Virtual Account Number
A virtual account number serves as a temporary token to replace a permanent account number, ensuring the security of the user’s actual account information during purchases. Banks often offer this technology, along with digital CVVs or SMS verification, to safeguard customer data. To use the service, users usually need to opt-in and may have to download an app or browser extension.
When making a purchase, the customer must undergo authentication, typically using a username and password. Subsequently, the issuing bank generates a proxy account number, functioning like a real account number for completing the transaction.
The strength of virtual account numbers lies in their randomized nature, making it nearly impossible to trace them back to the genuine account holder information. Even if a fraudster somehow gains access to a user’s virtual account number, it will likely have expired before they can exploit it.
In practice, a virtual account number acts as a substitute for the actual credit card number, interacting with the merchant while keeping the real account number concealed. On the processing side, these temporary bank account numbers are treated exactly like credit cards, offering a secure and efficient payment method.

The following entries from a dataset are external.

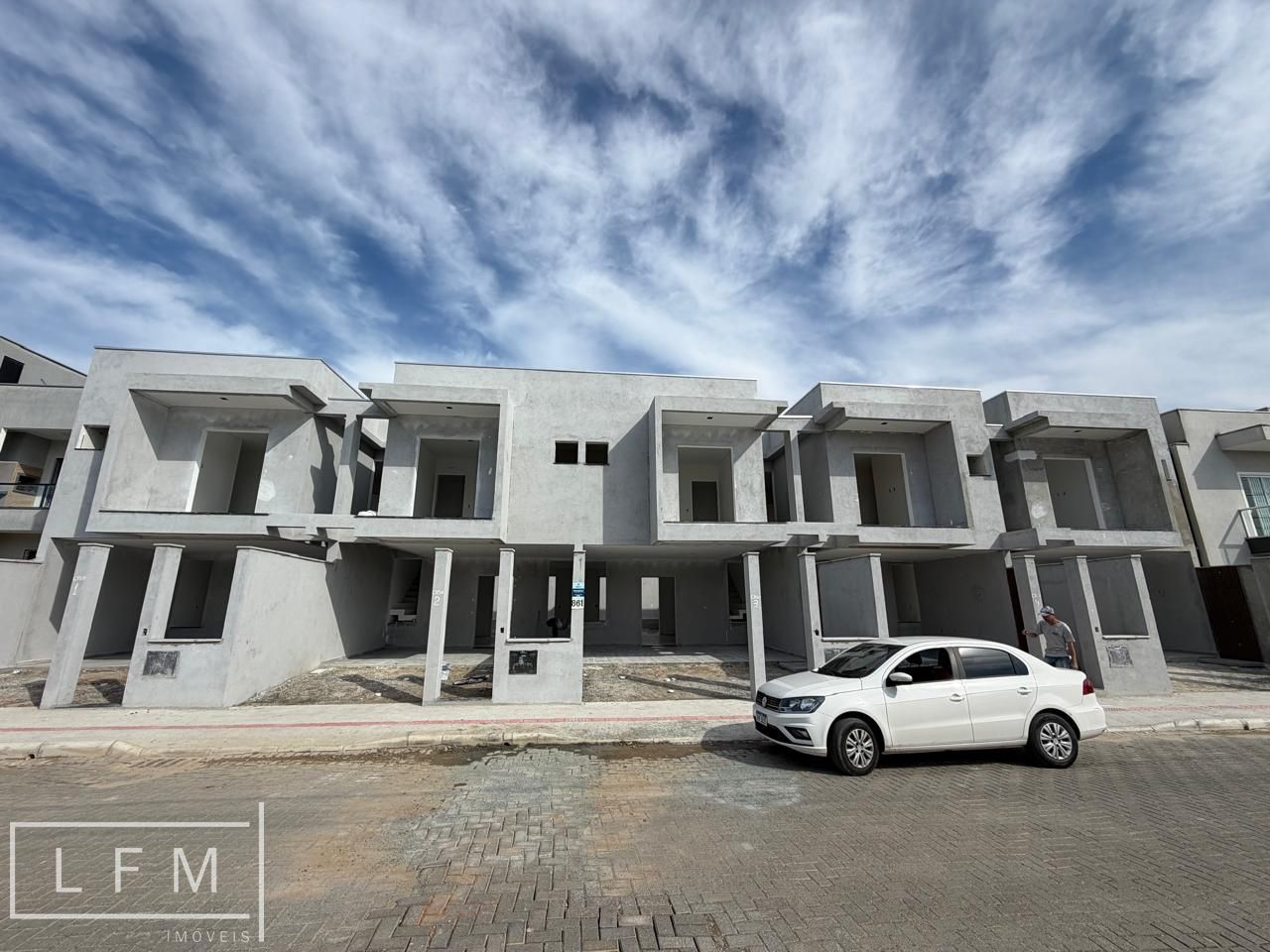 Sobrado, 3 quartos, 112 m² - Foto 5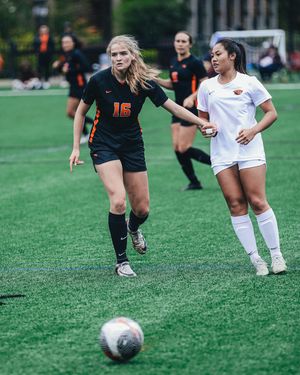 Image post by @beaverwsoccer on Instagram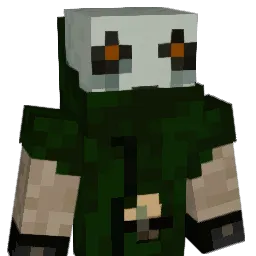 MegaMeth666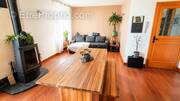 Appartement à SAINT-ETIENNE-DE-SAINT-GEOIRS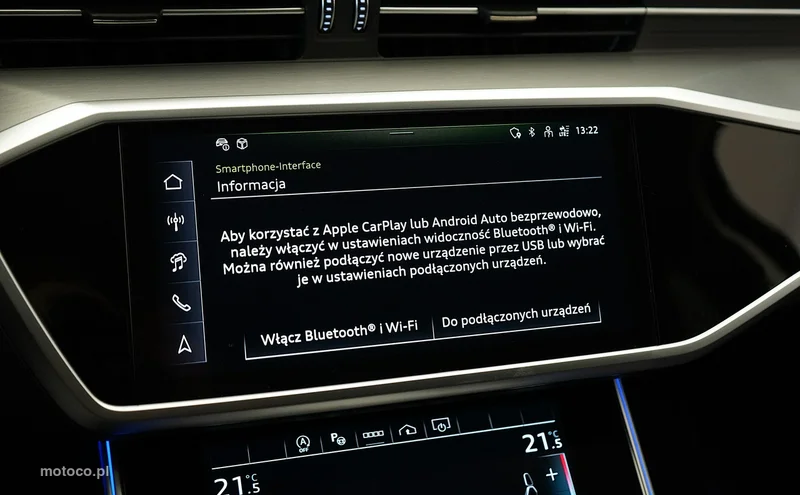 Audi S6 35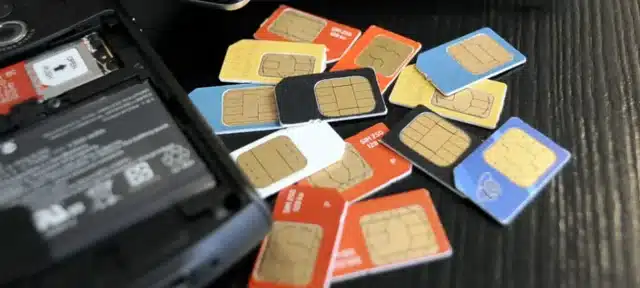 FBR Chairman Announces Blockage of Mobile SIMs for Non-Filers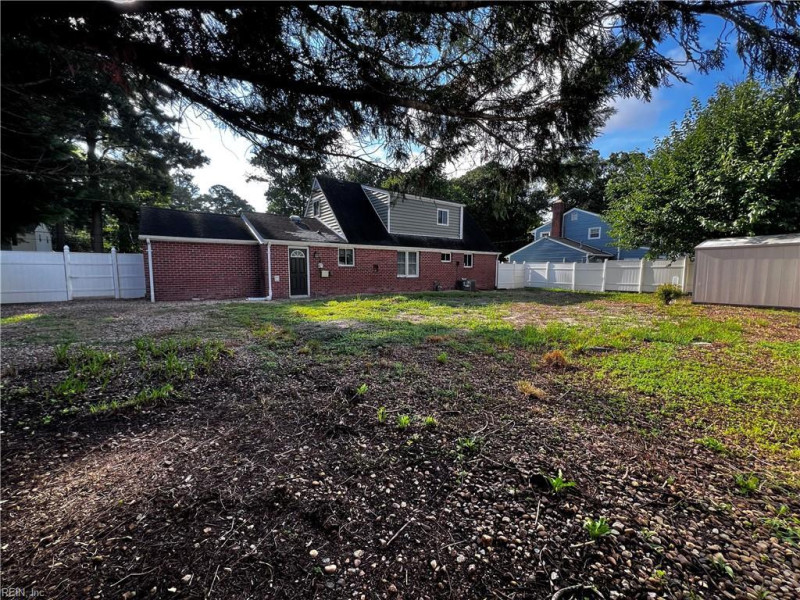 Photo 28 of 29 residential for sale in Virginia Beach virginia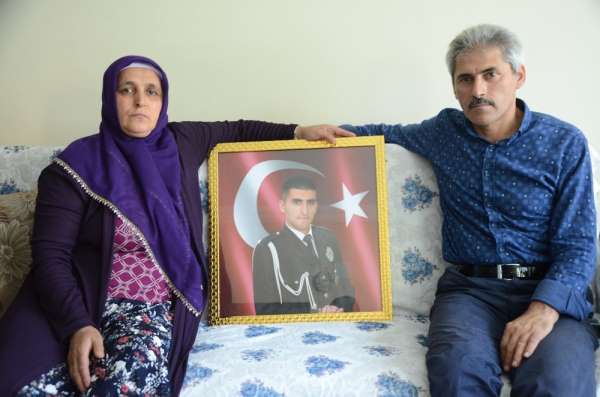 Ordulu şehit ailesinden Anayasa Mahkemesinin kararına sert tepki 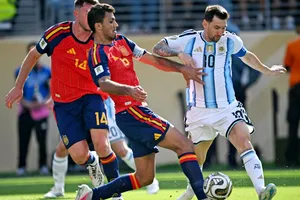 Tây Ban Nha vô địch World Cup 2026: Ngôi vương toàn năng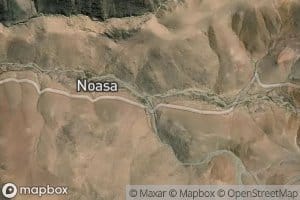 Quebrada de Gualchagua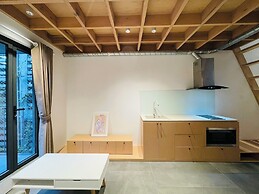 Casa Amarilla Boutique Apartment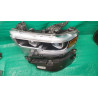 68316085AG Dodge RAM 1500 Left Full LED Dynamic AFS Bi-LED Headlight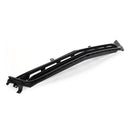 Chevrolet Impala Sedan 2014-2020 Gloss Black Front Bumper Grille Grill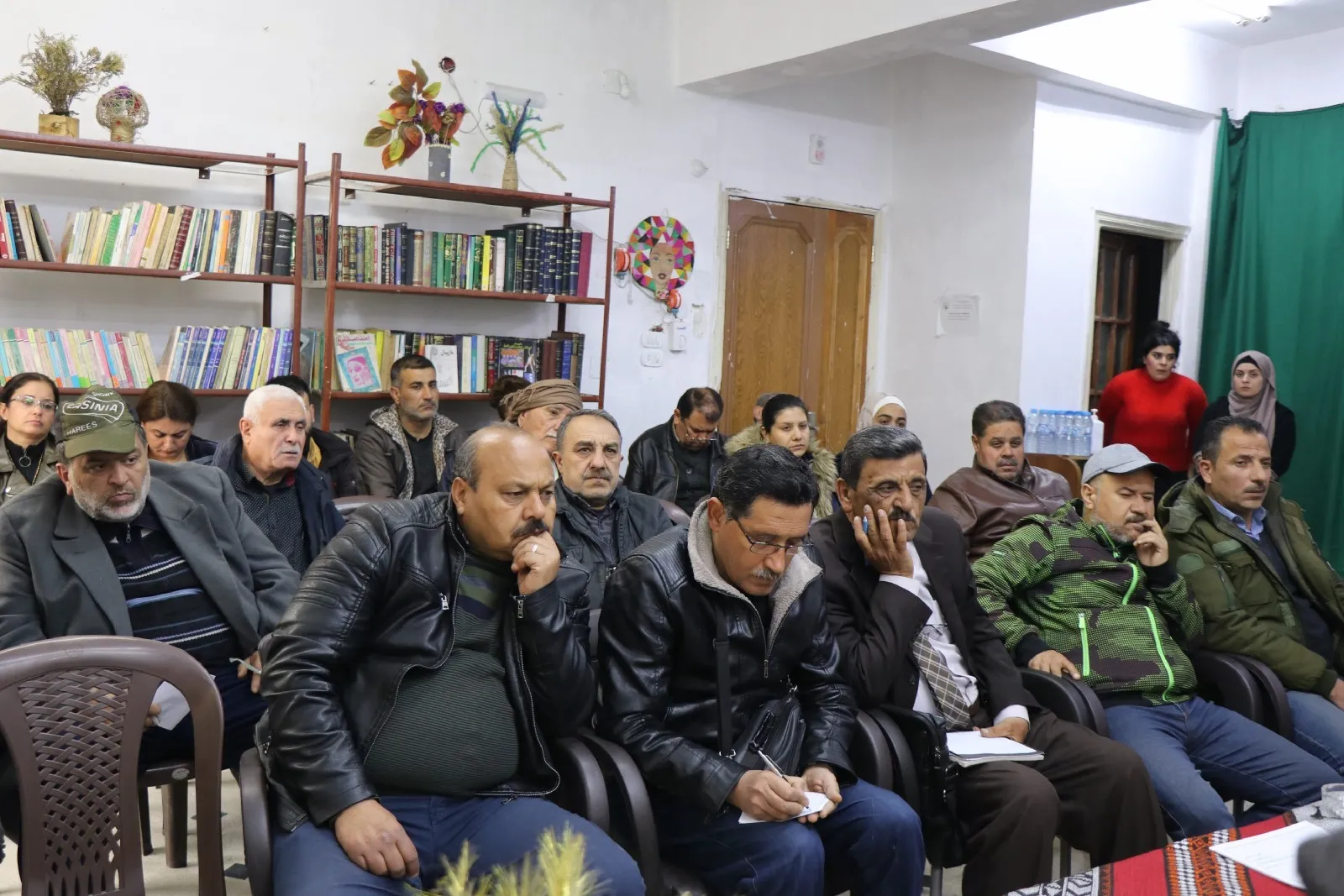 ​​​​​​​‘Hikumeta Şamê li ber dagirkirina Efrînê bi erka xwe ranebû’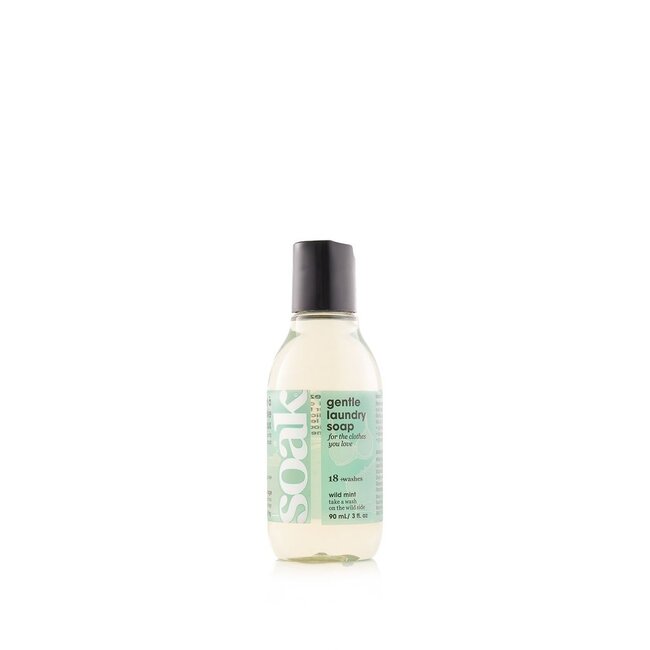Soak Soak 90 ml Wilde Munt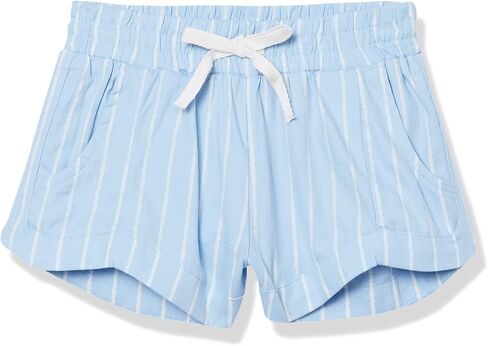 Billabong Girls' Mad for You Shorts (Little Big Kids) in Saudi Arabia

In the context of virtual account numbers, they also play a role in mitigating the impact of chargebacks for merchants. Since virtual account numbers act as temporary tokens and are unrelated to the actual account information, they provide an extra layer of security against potential chargeback fraud. By utilizing virtual account numbers, merchants can minimize the risk of chargebacks initiated by fraudulent transactions, enhancing overall payment security and protecting their businesses from financial losses.